‘I never went into the job to be famous’ – Northern Irish designer Jonathan Anderson on creating a fashion revolution

At the helm of both Loewe and his eponymous line, Derry fashion designer Jonathan Anderson has become a multi-billion euro success story, dressing the likes of Rihanna, Beyoncé and Harry Styles as he did so. But he prefers to shun the spotlight, saying he’s focused on craft not celebrity

Fashion designer Jonathan Anderson

Ed Cumming
© Telegraph.co.uk

Jonathan Anderson is one of the world’s most important fashion designers, but you might not think it to look at him. He has sandy hair and a boyish face. He carries himself as though he feels shy of being tall and broad, amid the sylphs of his industry. He speaks quickly and has a restlessness that means he often folds his hands together as he explains things.
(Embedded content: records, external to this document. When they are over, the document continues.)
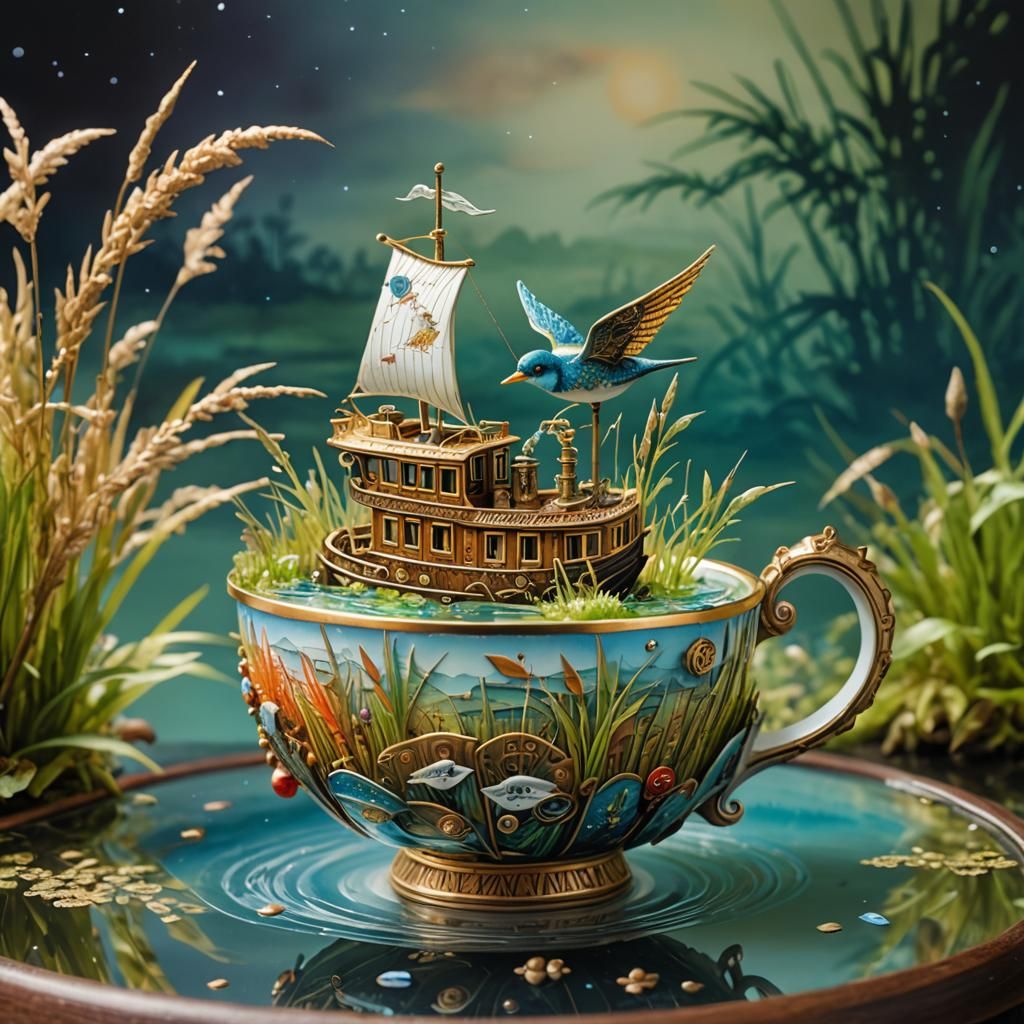 Magical Steampunk Boat in Elegant Porcelain Cup Diorama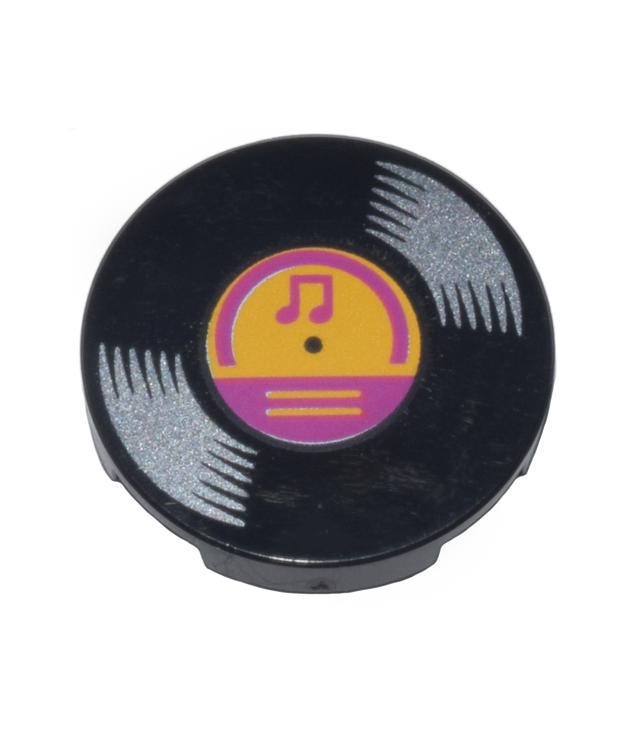 LEGO - Tegel, rond 2 x 2 met onderop een nophouder en vinylplaat met oranje-magenta centrum en muzieknoten - Black | N
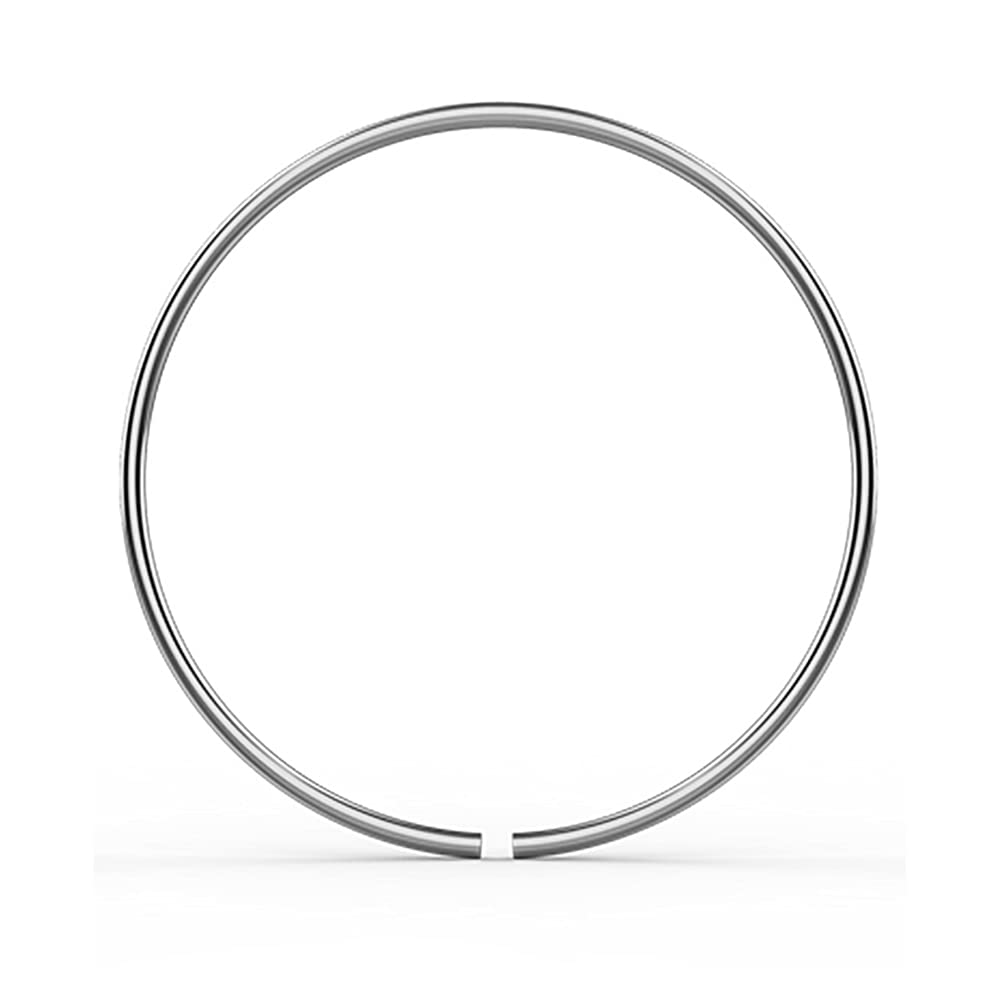 AZARIO LONDON 14K White Gold 22 Gauge - 6MM Diameter Seamless Continuous Open Hoop Nose Ring Nose Piercing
Despite the celebrities who flock to his catwalks — and the announcement he will be an honorary chair of fashion’s glitziest party, the 2024 Met Gala — he is not a social fixture. He has no glamorous female muses, no Isabella Blows or Daphne Guinnesses in the wings. He is not personally ostentatious. He says wearing his own clothes is like eating food you have cooked for someone else. You might mistake him for a graduate student with firm views on Samuel Beckett, rather than the ruler of a billion-euro empire of raiment.